As for the performers, all four of the regulars are likable, but as intimated above, the liberal couple doesn’t get to be as funny as the conservative pair (Spielberg and Gillette), and that does account for unevenness. Foster is as precocious as one would expect — this was the season before she starred in another sitcom based off a film, Paper Moon — and part of the appeal in watching the show today is naturally seeing her in action. (She appears in approximately five of the 12 episodes.) Meanwhile, as an ensemble, the foursome never really gets the chance to elevate material, for the character foundation (that comes largely from time and experience) is missing… And yet, not all of the material is below average. In fact, this show marked likely the first sitcom job for legendary MTM scribe David Lloyd (who penned the iconic “Chuckles Bites The Dust”). He’s the only writer credited with more than one script — three, to be exact — and while two of them are as forgettable as the rest of the run, there’s one that stands out very obviously as being the most enjoyable and memorable of the entire series…

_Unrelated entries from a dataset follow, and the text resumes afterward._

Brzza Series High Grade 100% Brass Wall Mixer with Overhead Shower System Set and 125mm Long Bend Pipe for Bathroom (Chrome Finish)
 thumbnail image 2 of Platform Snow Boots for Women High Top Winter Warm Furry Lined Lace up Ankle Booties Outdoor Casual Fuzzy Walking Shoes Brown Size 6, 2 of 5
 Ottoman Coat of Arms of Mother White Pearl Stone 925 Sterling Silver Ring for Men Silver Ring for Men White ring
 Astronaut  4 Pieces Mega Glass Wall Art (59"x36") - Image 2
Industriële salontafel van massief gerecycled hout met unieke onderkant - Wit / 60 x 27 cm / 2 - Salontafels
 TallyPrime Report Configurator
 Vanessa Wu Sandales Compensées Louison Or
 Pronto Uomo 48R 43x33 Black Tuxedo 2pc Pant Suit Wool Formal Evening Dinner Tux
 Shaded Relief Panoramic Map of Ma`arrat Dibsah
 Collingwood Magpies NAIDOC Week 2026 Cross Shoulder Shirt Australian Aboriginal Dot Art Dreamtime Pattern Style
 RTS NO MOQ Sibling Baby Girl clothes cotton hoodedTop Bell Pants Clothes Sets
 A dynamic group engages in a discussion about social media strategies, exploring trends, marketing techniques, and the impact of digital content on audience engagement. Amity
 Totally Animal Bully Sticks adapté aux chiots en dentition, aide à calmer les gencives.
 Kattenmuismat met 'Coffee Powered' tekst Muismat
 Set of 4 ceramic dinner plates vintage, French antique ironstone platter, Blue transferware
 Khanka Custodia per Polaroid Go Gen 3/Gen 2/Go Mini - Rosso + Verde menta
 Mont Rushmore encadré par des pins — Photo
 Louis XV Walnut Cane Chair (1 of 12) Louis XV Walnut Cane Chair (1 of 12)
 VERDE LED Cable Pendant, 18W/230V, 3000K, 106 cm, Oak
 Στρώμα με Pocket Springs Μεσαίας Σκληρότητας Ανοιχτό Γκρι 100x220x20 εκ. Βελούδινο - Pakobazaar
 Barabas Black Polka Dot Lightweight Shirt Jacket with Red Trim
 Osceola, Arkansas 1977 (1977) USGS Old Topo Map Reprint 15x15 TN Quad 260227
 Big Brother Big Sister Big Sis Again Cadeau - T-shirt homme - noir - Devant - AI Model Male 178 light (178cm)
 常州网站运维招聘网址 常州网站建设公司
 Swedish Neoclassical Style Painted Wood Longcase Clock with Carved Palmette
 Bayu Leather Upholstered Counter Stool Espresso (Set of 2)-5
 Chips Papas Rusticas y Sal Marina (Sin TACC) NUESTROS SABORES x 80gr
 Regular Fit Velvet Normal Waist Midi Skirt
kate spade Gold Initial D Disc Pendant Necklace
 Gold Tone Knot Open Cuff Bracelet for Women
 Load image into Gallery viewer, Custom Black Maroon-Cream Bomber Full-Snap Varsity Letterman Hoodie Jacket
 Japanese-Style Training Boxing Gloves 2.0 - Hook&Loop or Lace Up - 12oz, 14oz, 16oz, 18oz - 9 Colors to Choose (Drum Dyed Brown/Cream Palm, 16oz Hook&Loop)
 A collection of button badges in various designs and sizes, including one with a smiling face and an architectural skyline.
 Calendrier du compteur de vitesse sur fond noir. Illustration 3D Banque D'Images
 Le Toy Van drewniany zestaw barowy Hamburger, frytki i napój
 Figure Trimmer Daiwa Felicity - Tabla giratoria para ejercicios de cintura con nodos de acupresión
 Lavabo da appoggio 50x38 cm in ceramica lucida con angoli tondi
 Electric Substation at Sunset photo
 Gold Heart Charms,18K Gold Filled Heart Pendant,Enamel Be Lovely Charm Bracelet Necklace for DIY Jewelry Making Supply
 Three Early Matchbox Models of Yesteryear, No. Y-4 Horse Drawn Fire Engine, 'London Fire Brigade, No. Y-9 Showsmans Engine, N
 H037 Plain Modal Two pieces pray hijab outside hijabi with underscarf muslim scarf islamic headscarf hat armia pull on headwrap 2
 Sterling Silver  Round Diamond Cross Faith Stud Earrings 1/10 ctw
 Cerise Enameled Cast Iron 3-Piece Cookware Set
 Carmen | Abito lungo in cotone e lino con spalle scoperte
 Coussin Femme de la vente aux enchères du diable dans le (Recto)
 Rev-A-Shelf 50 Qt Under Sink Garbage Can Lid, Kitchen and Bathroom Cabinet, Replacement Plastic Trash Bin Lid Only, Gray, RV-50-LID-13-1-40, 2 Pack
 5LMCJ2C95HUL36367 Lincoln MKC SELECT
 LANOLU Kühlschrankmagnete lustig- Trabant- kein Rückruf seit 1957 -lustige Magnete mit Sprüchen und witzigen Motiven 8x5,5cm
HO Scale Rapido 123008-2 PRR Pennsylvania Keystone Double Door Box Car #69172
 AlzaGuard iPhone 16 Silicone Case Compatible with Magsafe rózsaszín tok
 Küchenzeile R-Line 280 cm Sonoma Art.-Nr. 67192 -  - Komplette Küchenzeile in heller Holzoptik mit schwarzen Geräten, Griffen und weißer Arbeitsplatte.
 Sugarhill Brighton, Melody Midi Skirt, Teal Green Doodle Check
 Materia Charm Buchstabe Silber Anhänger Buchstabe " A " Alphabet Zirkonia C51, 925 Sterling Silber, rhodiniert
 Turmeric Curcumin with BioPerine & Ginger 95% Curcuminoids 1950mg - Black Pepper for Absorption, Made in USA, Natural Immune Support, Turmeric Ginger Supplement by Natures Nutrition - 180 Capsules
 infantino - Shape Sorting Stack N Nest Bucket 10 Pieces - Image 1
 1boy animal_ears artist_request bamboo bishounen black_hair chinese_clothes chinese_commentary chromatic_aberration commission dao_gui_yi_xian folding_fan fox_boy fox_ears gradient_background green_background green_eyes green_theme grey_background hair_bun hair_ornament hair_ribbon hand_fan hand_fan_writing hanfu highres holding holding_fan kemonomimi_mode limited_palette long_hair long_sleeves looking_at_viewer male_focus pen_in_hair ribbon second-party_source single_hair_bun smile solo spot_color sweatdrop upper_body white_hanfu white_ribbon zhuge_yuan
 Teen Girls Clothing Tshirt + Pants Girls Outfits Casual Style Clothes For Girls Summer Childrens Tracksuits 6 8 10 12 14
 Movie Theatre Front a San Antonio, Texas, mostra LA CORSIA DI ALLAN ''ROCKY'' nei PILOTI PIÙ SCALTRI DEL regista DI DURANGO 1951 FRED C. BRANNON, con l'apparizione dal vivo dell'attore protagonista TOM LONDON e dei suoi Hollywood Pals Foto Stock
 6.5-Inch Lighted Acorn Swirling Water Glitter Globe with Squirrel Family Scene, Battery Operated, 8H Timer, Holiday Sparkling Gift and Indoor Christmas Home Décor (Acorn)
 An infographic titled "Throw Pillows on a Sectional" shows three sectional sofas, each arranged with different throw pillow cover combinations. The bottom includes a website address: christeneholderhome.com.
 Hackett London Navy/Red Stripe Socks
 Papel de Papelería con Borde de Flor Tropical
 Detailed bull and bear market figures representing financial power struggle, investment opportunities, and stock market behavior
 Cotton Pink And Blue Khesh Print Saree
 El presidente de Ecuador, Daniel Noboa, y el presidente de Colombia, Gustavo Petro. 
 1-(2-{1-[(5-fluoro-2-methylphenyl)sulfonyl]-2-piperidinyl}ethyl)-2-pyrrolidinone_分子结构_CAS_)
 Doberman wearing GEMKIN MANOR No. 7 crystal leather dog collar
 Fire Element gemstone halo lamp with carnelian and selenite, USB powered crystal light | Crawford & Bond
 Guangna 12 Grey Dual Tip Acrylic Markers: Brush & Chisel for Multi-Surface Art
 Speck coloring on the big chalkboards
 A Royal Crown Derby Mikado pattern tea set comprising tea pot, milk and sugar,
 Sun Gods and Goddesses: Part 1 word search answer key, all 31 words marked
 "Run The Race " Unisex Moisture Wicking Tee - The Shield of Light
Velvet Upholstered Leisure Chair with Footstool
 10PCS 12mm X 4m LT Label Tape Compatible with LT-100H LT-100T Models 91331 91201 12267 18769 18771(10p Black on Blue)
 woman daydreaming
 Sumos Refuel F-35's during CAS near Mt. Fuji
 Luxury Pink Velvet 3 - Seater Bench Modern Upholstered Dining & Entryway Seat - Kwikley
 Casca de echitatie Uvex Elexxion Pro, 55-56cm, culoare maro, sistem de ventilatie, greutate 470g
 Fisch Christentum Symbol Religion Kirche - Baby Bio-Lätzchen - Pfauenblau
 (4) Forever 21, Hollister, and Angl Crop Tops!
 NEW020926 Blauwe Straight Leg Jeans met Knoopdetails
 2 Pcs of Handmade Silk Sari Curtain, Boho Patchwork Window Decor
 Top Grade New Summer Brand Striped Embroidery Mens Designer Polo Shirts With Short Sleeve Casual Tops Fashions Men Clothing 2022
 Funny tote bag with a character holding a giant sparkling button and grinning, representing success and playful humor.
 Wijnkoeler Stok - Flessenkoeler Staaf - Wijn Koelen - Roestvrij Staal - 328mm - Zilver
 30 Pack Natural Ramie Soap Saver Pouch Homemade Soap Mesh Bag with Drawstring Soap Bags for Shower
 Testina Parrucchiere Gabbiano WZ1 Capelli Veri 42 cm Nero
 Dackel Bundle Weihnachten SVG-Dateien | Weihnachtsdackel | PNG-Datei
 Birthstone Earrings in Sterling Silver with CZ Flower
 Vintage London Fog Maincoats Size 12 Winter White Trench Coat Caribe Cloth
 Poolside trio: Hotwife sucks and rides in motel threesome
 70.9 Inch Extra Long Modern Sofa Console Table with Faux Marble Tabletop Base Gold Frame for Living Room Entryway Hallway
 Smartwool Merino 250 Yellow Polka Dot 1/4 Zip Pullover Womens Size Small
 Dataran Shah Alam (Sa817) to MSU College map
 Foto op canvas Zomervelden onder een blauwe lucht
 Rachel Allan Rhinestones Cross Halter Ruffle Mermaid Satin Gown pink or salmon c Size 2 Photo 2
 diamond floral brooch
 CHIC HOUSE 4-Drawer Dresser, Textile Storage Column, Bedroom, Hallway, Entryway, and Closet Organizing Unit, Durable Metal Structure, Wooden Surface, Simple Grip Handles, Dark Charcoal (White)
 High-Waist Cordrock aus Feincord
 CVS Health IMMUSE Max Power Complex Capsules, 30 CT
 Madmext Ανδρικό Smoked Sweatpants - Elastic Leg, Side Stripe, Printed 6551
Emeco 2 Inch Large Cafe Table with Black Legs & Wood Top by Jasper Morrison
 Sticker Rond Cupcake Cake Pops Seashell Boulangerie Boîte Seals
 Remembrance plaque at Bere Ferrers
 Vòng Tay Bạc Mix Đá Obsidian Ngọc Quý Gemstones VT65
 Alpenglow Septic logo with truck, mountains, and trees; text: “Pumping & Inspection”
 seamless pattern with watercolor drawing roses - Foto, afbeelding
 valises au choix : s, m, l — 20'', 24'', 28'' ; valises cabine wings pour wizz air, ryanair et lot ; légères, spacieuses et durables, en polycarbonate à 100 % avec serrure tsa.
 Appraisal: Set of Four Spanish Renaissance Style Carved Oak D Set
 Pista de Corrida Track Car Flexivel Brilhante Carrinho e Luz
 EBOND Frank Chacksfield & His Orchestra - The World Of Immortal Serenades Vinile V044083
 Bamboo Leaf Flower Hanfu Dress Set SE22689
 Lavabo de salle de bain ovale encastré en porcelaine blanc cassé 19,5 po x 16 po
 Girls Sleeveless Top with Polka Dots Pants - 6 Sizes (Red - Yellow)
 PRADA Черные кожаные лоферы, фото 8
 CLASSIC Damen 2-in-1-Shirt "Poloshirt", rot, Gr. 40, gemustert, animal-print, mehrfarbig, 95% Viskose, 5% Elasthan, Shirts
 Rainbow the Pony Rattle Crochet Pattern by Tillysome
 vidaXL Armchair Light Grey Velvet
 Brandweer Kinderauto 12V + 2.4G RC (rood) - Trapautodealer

Called “Open Marriage/Closed Mind” [or “Open Marriage, Closed Mind” or “Open Marriage-Closed Mind”], it was directed by regular staffer Rick Edelstein and broadcast as the series’ fifth on October 24, 1973. In the L.A. Times article from above, Henerson recounts how changes were made to lessen the perceived controversy of the premise, which concerned a trio of people (one man, two women — two of which are played by Harvey Jason and Sarah Kennedy, both of Laugh-In) living in an open marriage. (As aired, the open marriage never actually occurs.) It’s the funniest entry — rivaled only by the pilot, which includes appearances by Henry Jones and Mabel Albertson — for it’s able to make use of some premise-suggested naughtiness, while also deriving humor from what we expect of the respective main couples’ personas: the liberal pair has more issues with the arrangement than they’d predict and the conservative duo is less bothered than they’d imagine. It’s still a little clichéd, even for 1973, yet Lloyd gives us some boffo laughs in what is a genuinely well-written teleplay… But see for yourselves, you critics and scholars with no commercial designs, because here it is…
Come back next week for another Wildcard post! And tune in Monday for some Musical Theatre fun!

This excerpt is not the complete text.